Here in the US, we are obsessed with work. We consider it among the highest virtues – if not the highest. We automatically ascribe the “hard worker” trait to anyone we consider successful, and the corresponding “lazy” trait to anyone we don’t. And we persist in these beliefs despite reams of evidence that billionaires don’t actually work harder than the middle class, but the working poor do.
I’ve written about my work addiction before. I continue to write about it precisely because it is the end result of a society that applauds working oneself to death. “Workaholic” is not a badge of honor; it is a sign that something has gone very, very wrong.
I went into rehab for chronic pain in November 2015. It ended up being rehab for my work addiction as much as anything else.

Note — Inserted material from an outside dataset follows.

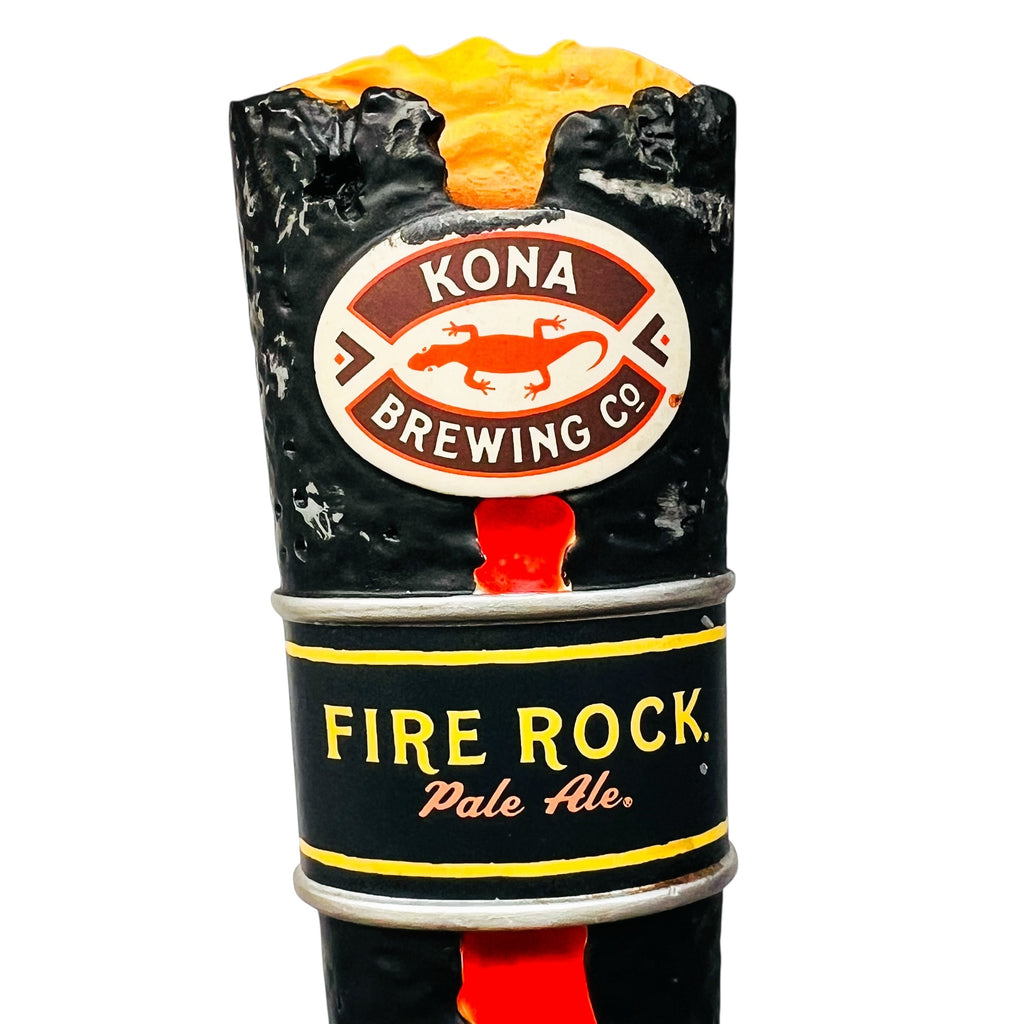 Kona Brewing Fire RockPale Ale Lava IPA Beer Tap Handle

Five and a half years later, I have mostly accepted that my work addiction is a chronic condition. It will never be cured. The urge to overwork myself will always be present to varying degrees; I will always be managing it within the context of the rest of my life.
Now, for instance.
Over the last several weeks, I’ve noticed myself backsliding on the whole “keeping work under control” thing. I find myself too fried from work to have a conversation with my spouse. Household chores have gone un-finished because I used all my energy on work. I’m increasingly snappish when ordinary, normally joyful things like a friend’s visit or garden work “get in the way” of working. I’m starting to think of the rest of my life as “getting in the way.”
Those are all red flags that it’s time for me to reconsider how I’m doing this whole work thing.